Put the while loop in a function then call it. Create a variable and when that variable is true use break on all the loops and then call the function again within itself. It’ll essentially restart it.
local Restart = false
local CurrentNumber = 0
function AdditionLoop ()
while true do
CurrentNumber += 1
print(CurrentNumber)
if CurrentNumber >= 5 then
CurrentNumber = 0
Restart = true
break
end
task.wait(1)
end
if Restart then
print('Loop restarted. Number has reached 5.')
AdditionLoop()
return
end
end
AdditionLoop()
The code I sent runs the loop and if the number hits 5 it breaks during the middle of it. The rest of the code in that loop will not run and then it will move to the if then statement. That’s where I checked if the restart variable was true. If it was, I ran the loop again.

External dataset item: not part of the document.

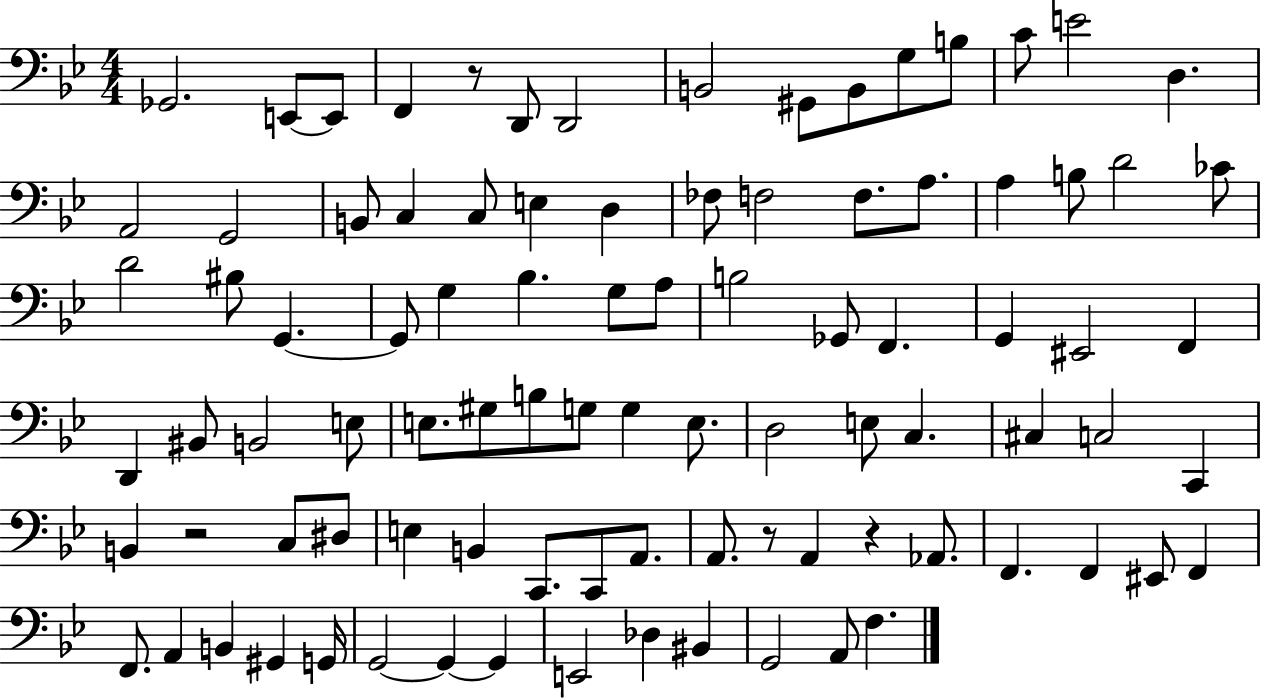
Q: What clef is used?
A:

What you could do I think for this case is have the loop inside of a function and then when the variable changes to run the function. There is no way to detect when a variable changes from my knowledge so you would probs have to sort something out like an event or something is fired.
To stop the loop you could do what @AwokenTy is saying I think but you could also have an if statement in the loop which if the variable is not a number or something then it will stop the loop via “break”.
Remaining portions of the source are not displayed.